Checking your diffs

From DPWiki
Jump to navigation Jump to search
DP Official Documentation - Proofreading
Languages: English Français Italiano Español

Many DP volunteers check their diffs to see what changes have been made in later rounds. This can be a good way to learn what you're doing correctly and what you may need to change in your proofreading or formatting habits.

When are diffs available?

Your pages must have been proofed (or formatted) in the next round in order for you to see what changes were made. For some short, popular projects it may only take a few days, but more often it takes weeks or even months. In addition, the release queues for some rounds are quite long, so the project may wait for quite a while before it is released into the next round.

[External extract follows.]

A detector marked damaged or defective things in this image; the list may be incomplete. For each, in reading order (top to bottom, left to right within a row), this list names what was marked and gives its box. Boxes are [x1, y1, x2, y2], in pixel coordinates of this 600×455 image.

Because of this, it's generally impossible to know how long it will be before you can see the diffs.

To receive an alert when the project reaches the next round or rounds, subscribe to Event Subscriptions. Go to the project page, check the appropriate box or boxes, and then select Update Event Subscriptions.

Note: due to the potential delay in seeing your diffs, if you want feedback more quickly you should post in the project thread or send a Private Message to dp-feedback.

How to access your diffs

You can access your diffs one project at a time by going to the project page, or get to the diffs for multiple projects using the special "reviewing work" page. Each of these methods is explained below.

Via the project page

To look at your diffs for a particular project, first you need to go to the Project Page. There are multiple ways of doing this:

  • At the top of a DP page (such as the Activity Hub or the P1 page), click on My Projects. Find the project that you want, and click on the title.
  • If you know which round the project is currently in, go to the page for that round (via the Activity Hub). Find the project, and click on the title.
  • Click on the Project Search link at the top of a DP page, and then search for the title, author, or other information. In the search results, click on the title.

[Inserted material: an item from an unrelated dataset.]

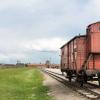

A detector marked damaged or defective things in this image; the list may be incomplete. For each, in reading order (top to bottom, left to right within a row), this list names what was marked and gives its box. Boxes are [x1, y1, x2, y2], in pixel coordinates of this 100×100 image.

rusty freight car [60, 22, 100, 86]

Once on the Project Page, click on one of these links in order to view the Page Details for the project:

  • Images, Pages Proofread, & Differences: shows details for all the pages in the project
  • Just my pages: shows only your DONE and IN PROGRESS pages in the project. This is usually the most efficient option to use for viewing your diffs.
  • Detail Level 4 (link at the top and bottom of the Project Page): shows the project's Page Details below the Project Comments on the Project Page

Via the "Reviewing Work" page

This page allows you to get to your diffs from a particular round across multiple projects more easily. For the "Work Round", select the round that you worked in; "Review Round" should be one round later. "Max days" allows you to choose how long ago to include, and if you enter a number greater than zero for "Max diffs to show" then you'll get direct links to some of your diffs on the projects.

Once you've selected the options, press the Search button to pull up a list of projects that you worked on in the "Work Round" during the time period you selected. Each title is a link to your "Just my pages" page for that project.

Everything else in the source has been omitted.